Satan’s use of this temptation continues today and can easily be seen manifested by the student who fails to study and then prays for an “A” during the examination, or the person who violated the divine laws of health and then prays for deliverance from resulting sickness or the person who purchases an expensive plasma screen television and then prays for help to pay the rent. We also see this tendency manifested by those who have incurred larges amounts of debt and then seeks to be delivered from the bondage and obligation of repayment through bankruptcy, or those who seek deliverance from a disease of choice by taking a pill to treat the symptoms instead of changing the behavior that causes the symptoms.
We should respond to such temptations as did the Savior by saying, “Thou shalt not tempt the Lord thy God.”3 We must accept responsibility, which is the willingness and ability to recognize and accept the consequences of our actions.
Myth—Freedom Comes From Doing Whatever I Want
We have all heard someone describe freedom as follows, “No one can tell me what to do. I am in charge of my own life. God’s commandments are restrictive and to be free one must not be bound by the laws of God.” The laws of God are not restrictive but are a road map to joy. The volition of these laws is not freedom but bondage, pain, and misery. As taught the Savior, “. . . whoever commits sin is a slave of sin.”4 Those who know and live the commands of God enjoy freedom, joy, and prosperity. Thus, obedience to the laws of God is freedom.
The correct use of liberty—the power to choose—will result in more choices. The misuse of our liberty will result in fewer choices. Each time we make a choice we either gain more freedom as a result of our increased choices or digress toward bondage as the result of our diminished choices.
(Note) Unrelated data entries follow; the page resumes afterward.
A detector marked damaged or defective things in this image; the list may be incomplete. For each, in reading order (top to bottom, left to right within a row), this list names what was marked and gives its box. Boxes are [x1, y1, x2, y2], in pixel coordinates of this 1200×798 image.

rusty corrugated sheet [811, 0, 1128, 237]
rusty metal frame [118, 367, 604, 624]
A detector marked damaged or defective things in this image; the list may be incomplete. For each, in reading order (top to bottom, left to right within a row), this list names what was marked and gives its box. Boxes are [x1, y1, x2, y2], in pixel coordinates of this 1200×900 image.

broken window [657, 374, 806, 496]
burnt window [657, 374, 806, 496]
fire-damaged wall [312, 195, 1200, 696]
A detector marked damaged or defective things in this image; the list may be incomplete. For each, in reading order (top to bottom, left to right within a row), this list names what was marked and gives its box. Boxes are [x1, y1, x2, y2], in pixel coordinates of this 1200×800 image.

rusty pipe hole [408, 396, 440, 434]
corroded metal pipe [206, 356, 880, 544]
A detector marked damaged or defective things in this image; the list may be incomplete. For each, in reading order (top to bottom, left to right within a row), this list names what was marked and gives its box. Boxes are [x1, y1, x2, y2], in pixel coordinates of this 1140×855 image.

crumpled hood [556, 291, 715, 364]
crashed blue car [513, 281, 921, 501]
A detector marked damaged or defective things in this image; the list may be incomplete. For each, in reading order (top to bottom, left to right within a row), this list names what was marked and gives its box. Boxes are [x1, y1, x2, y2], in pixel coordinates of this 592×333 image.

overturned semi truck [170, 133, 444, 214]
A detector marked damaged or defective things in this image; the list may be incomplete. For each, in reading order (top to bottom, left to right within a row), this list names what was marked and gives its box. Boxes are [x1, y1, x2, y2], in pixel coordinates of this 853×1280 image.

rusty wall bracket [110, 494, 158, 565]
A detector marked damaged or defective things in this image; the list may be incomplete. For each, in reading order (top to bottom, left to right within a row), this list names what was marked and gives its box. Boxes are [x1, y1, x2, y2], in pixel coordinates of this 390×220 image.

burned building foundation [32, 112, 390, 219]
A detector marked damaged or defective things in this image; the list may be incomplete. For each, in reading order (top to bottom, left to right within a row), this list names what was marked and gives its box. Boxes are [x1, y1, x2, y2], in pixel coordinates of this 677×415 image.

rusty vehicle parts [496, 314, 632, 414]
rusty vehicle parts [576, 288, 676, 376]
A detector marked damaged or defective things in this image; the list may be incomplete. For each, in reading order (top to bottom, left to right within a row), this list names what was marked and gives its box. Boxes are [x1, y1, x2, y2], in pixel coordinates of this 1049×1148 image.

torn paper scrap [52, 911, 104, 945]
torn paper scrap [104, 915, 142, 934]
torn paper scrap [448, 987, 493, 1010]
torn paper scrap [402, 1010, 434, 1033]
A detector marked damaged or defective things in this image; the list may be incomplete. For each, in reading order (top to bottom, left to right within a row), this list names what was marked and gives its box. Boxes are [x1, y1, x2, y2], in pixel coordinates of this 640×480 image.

“If someone decides to rob a bank, for instance, he or she may be incarcerated under the law. That person not only lost the ability to rob banks, but is also restricted from other lawful activities in the future. A trip to the park, while lawful, is no longer an option after incarceration. The opposite is also true. If one chooses to open a bank and work hard within the boundaries of the law, they can continue that activity and will have opportunities that they did not have previously. A lawful and successful enterprise would provide funding for additional activities that the person could not afford before their choice to provide banking services.”5
This chapter can be summarized by the following words from the Bible. “Behold, I set before you this day a blessing and a curse; A blessing, if ye obey the commandments of the LORD your God . . . And a curse, if ye will not obey the commandments of the LORD your God.”6
We Can Choose Our Actions, but We Cannot Choose the Consequences.